Ottawa Public Health did not say how many people it contacted, but in a statement to CTV News Ottawa attributed to Associate Medical Officer of Health Dr. Trevor Arnason, said it has been successful in reaching "almost all the Ottawa residents who may have been exposed."

Arnason says, "At this time, the risk to the general population remains low."

When OPH contacts anyone who has been exposed to measles, they are advised to:

  • Verify their immunization records to determine if they are protected against measles. Vaccination or immunoglobulin are available for susceptible contacts.
  • Seek medical attention if they develop symptoms of measles.
  • Call ahead to the health care facility/practice and tell their health care provider that they have recently been exposed to measles.

Early onset symptoms of measles include fever, cough, coryza, conjunctivitis, drowsiness, and small spots with white centers on the inside of the mouth, called Koplik's spots. These are followed by the disease's characteristic rash on the face, spreading down to other parts of the body. Measles is transmitted through close contact with the respiratory secretions of a case or through persistence of airborne nuclei in the air for up to two hours.

OPH says measles is considered contagious from one day before symptom onset (or four days before rash onset, whichever is longer) to four days after rash onset. The measles incubation period (from exposure to rash onset) is from seven to 21 days. Secondary cases from this exposure could occur anytime up to and including Oct. 30, Bourns said.

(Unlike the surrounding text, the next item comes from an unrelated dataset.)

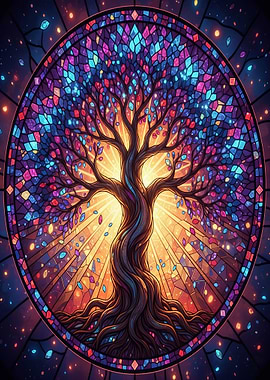 Stained Glass Tree of Life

A measles-containing vaccine is part of Ontario's routine immunization schedule; however, the COVID-19 pandemic and resulting school closures disrupted routine immunization for thousands of children in the capital. Similar disruptions have been reported in Quebec. 

CHEO CEO Alex Munter said on the social media site Threads that CHEO physicians, public health units and health centres have teamed up to make routine childhood vaccinations available at the Kids Come First vaccine clinics

According to the Mauricie and central Quebec health unit, the family had returned from Brussels, landing at the Pierre Elliott Trudeau International Airport in Montreal on Monday. The two children with the measles were contagious while on the flight, and Quebec's Ministry of Health has contacted the people aboard. Everyone else in the airport is not considered a significant contact, but is urged to monitor for symptoms, the health unit said in French.

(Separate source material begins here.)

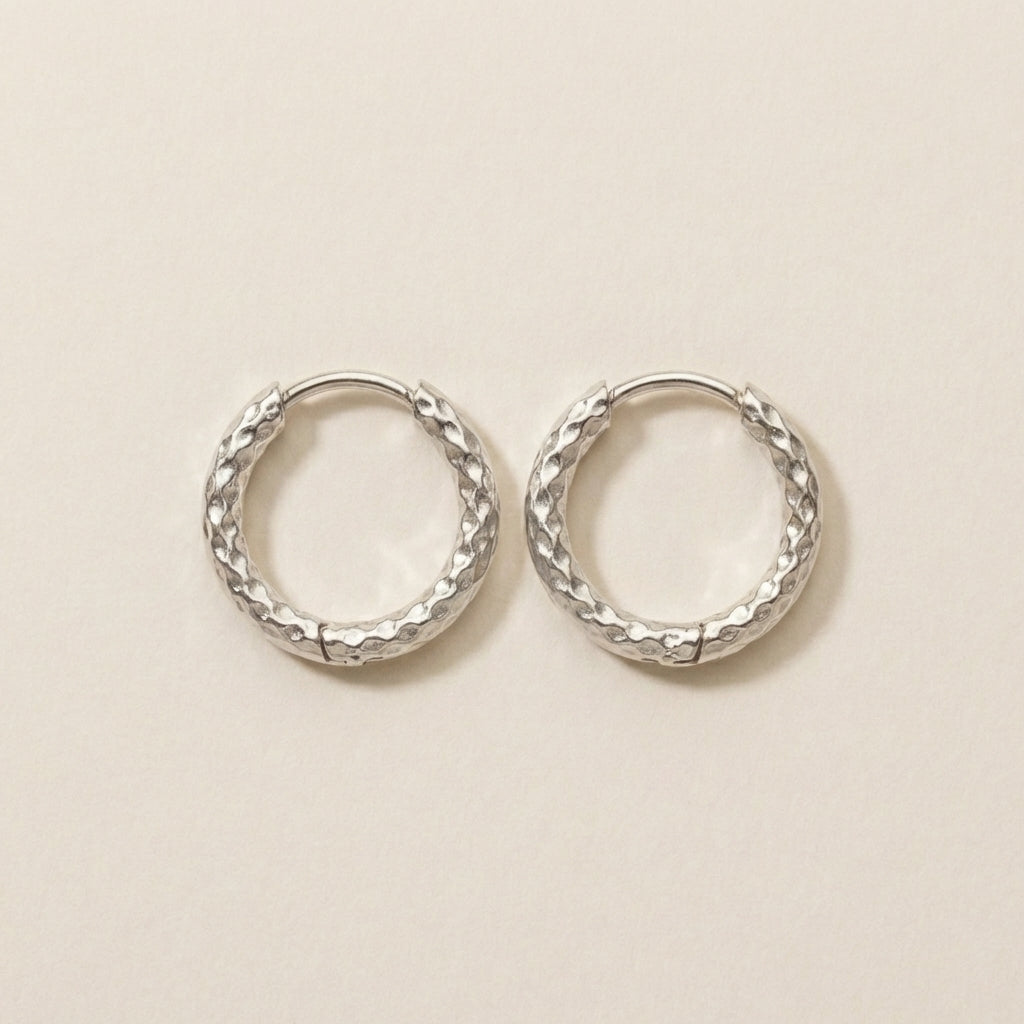 Celeste Pavé Hoops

In a statement to CTV News Ottawa, the ministry said it was informed of the infections on Oct. 11.

"The epidemiological investigation made it possible to determine that these people took the plane when they were contagious," the ministry said in French. "Passengers who were on board their flight were contacted to inform them of their potential exposure to measles and to provide them with recommendations. In some cases, if indicated, these people could be offered preventive treatment."

The ministry said Quebec typically sees up to four cases of measles per year, unless there is an outbreak, and these cases are usually linked to travel.